What do you do when somebody comes to live next door and spoils the whole neighborhood? They leave, you leave or you learn to live with it.
What does that have to do with cloud computing? I will give you an example.
This site is currently hosted on an Amazon EC2 virtual machine (VM). In all likelihood, there are other VMs hosted on the same physical machine. Let’s call these other VMs neighbors.
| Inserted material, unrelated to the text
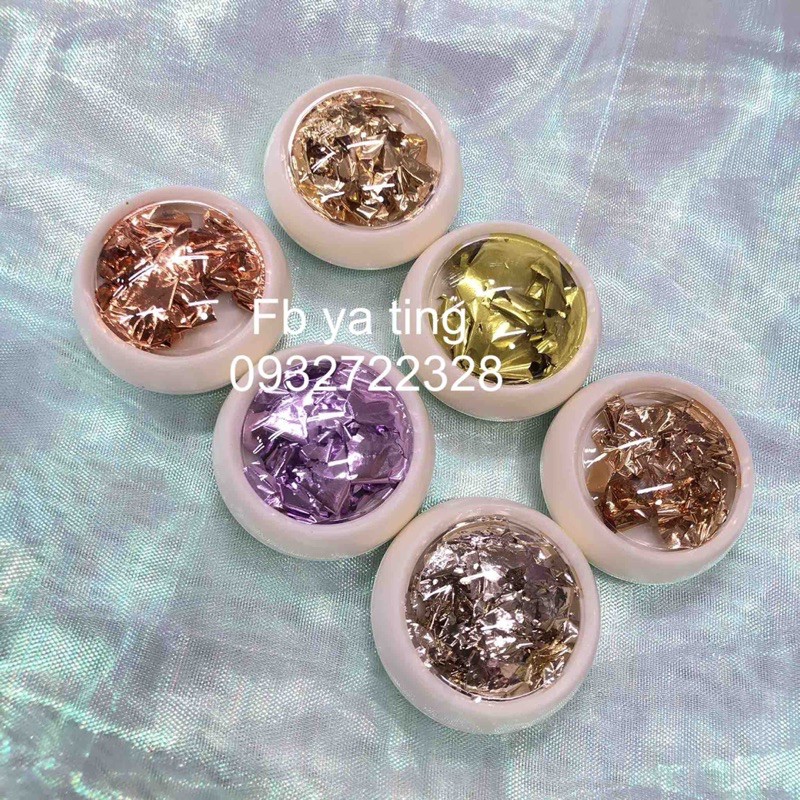 giấy bạc 6 màu mỏng manh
Over the past few weeks I had several occasions where this site was really slow, for extended periods, like 20 minutes. Deeper inspection revealed that a lot of the CPU time was reported as ‘stolen’. See here for more explanation on stolen CPU time. Looking further over a period of time with tools such as NewRelic leads to the hypothesis that another VM on that physical machine is running CPU bound batches. That is a bad neighbor.
I don’t want to live with this, and I cannot force this neighbor out. So I have to move. This turned out to be easier than I thought. On Amazon EC2 my VM is running with EBS storage, which means its ‘hard disk’ exists even if the VM is gone. The VM instance also has a so-called Elastic IP address, which is independent of the physical machine.
So I stopped the VM, and restarted it. It then landed on a different physical machine with different neighbors. Users saw only a brief interruption, nothing worse than what we were going through anyway.
With proper load balancing, users would not notice it at all. Apparently, Netflix is reportedly doing the same thing: killing VMs that have landed in bad neighborhoods.